START The data

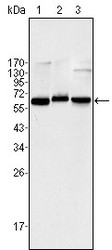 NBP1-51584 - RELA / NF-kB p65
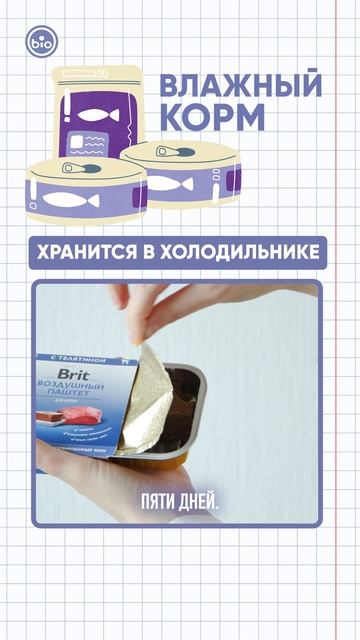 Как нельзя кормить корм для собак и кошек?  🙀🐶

END The data
START The data

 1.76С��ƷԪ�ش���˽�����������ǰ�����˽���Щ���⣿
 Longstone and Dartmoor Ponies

END The data
START The data

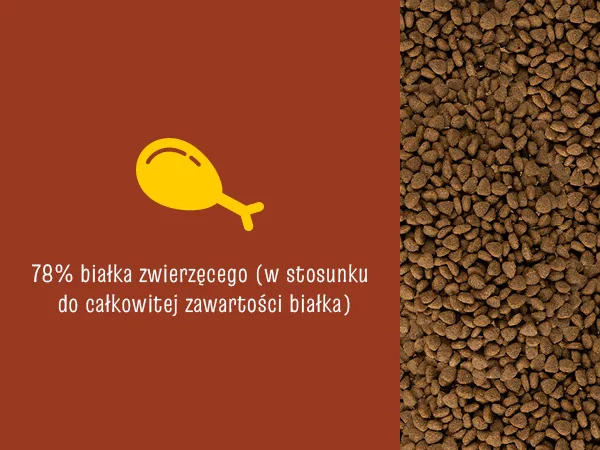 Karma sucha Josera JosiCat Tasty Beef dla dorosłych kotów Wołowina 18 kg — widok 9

END The data

About this exercise -> Return exactly the lines that appear in the data above between the line containing "NBP1-51584 - RELA / NF-kB p65" and the line containing "Как нельзя кормить", both of which are included, and leave the pictures out.

Written response ->
 NBP1-51584 - RELA / NF-kB p65
 Как нельзя кормить корм для собак и кошек?  🙀🐶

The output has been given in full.